In what must have been a considerable typesetting challenge in light of the bilingual recto-verso format, the volume has managed to incorporate a commendably rich array of supporting images. This enables it to make the most of what distinguishes it from existing publications, namely that it “takes as its starting point” (p. 9) the surviving copper printing plates themselves as opposed to the well-studied images they were used to produce. This adds to the book’s value from a material culture and technological standpoint, and in that regard I particularly appreciated the decision not to artificially flip the mirrored plate image to match the prints, and occasions when the very precise verso-recto placement of plate and print produced the gleefully tactile reading experience of being able to throw off a print oneself simply by opening the pages of the book (e.g., pp. 116–117). It has to be said that these notoriously detailed battle scenes are such that only two-page spreads or a book of prohibitively large proportions could ever have done them justice. Nevertheless, I was pleased to see that this aspect has been carefully mitigated by the abundant provision of close-ups in aid of the textual discussion.

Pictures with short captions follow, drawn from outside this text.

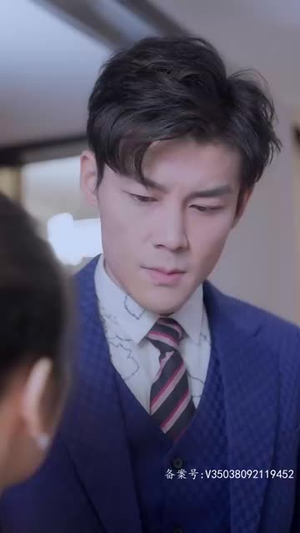 初婚有刺（79集）古代短剧推荐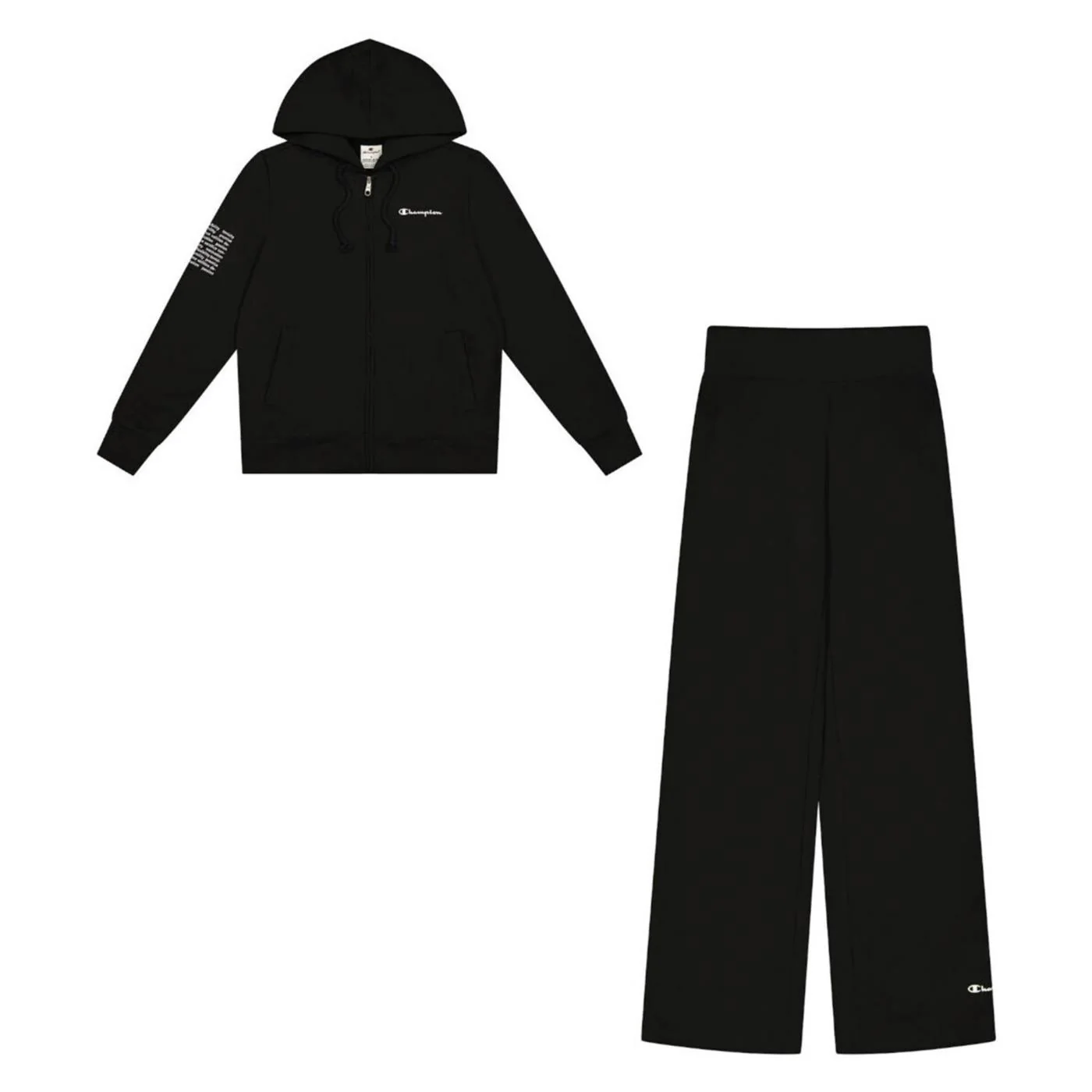 CHAMPION W SWEATSUIT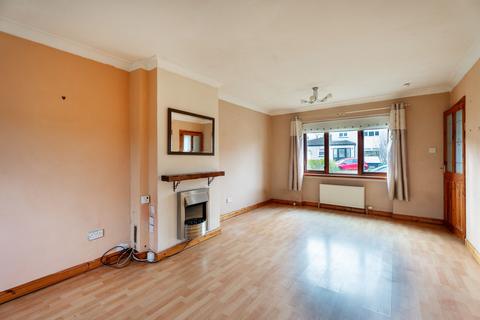 undefined, Croy Road, Coatbridge ML5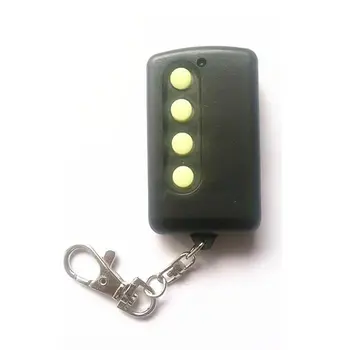 

Remocon RMC600 280-450mhz Fixed Code RMC-600 Garage Door Remote Control Replacement Duplicator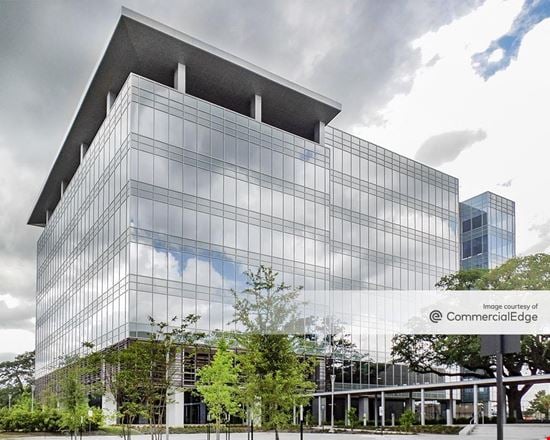 Wildwood Corporate Centre II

One major merit I will take the opportunity to highlight here is its broad usefulness for teaching purposes, certainly at the undergraduate level and possibly even earlier. Having used it in the art history classroom in the context of the roles of art at the Qianlong court, I was struck by how the book is situated at the intersection of several fields: comparative and global history, especially early modern exchanges of technology and culture; cross-cultural and culture-specific understandings and uses of art and design; museum studies and provenance; war and ethnicity. This book thus renders itself pertinent to variety of syllabi, either within an East Asian Studies curriculum or in wider Liberal Arts or Humanities courses. One particular asset of the book from a teaching perspective is its extensive and judicious selection of visual and textual primary material. In terms of primary texts, the authors have clearly dug deep. Alongside essential and predictable texts on the prints such as the initial commission from Jesuit courtiers and negotiations between the French court and copperplate production team come unexpected gems like a Dresden bookseller’s account of the scramble for prints that had trickled out of aristocratic holdings onto the European market during the French Revolution (pp. 88–91). Related unabridged and in German and English translation, these primary texts make for many an engaging classroom exercise.